Open komatits opened 10 years ago
See also Leonardo Bautista-Gomez, Dimitri Komatitsch, Naoya Maruyama, Seiji Tsuboi, Franck Cappello, Satoshi Matsuoka and Takeshi Nakamura, FTI: high performance Fault Tolerance Interface for hybrid systems, Proceedings of the ACM / IEEE Supercomputing SC'2011 conference, article #32, p. 32:1-32:12, doi: 10.1145/2063384.2063427 (2011).
http://komatitsch.free.fr/preprints/sc2011_Leonardo_Bautista_Gomez.pdf
I will soon implement a basic fault-tolerance (more precisely: fail-safe) mechanism based on an idea from Daniel Peter @danielpeter .
add a checkpointing/restarting system with a checksum system as in SPECFEM3D_GLOBE/tags/v4.1.0_beta_merged_mesher_solver_non_blocking_MPI/src , or using the fault tolerance library developed by Leonardo Bautista and Franck Cappello at INRIA (see the content of directory "utils/fault_tolerance").

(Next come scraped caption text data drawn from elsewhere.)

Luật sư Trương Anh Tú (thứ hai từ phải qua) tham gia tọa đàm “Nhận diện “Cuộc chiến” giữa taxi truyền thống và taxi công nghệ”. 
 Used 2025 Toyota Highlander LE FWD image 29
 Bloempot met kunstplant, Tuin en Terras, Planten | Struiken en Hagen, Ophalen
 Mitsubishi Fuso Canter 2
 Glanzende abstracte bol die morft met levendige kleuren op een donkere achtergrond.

Should probably be done based on ADIOS.
From Craig P Steffen at NCSA:
Make checkpointing/restarting easier to use and not limited to a NUMBER_OF_RUNS > 1; i.e. on big machines we should be able to use the existing routines to checkpoint even when NUMBER_OF_RUNS == 1, in case the run fails and needs to be restarted. This will be useful on very big machines, in particular in SPECFEM3D_GLOBE.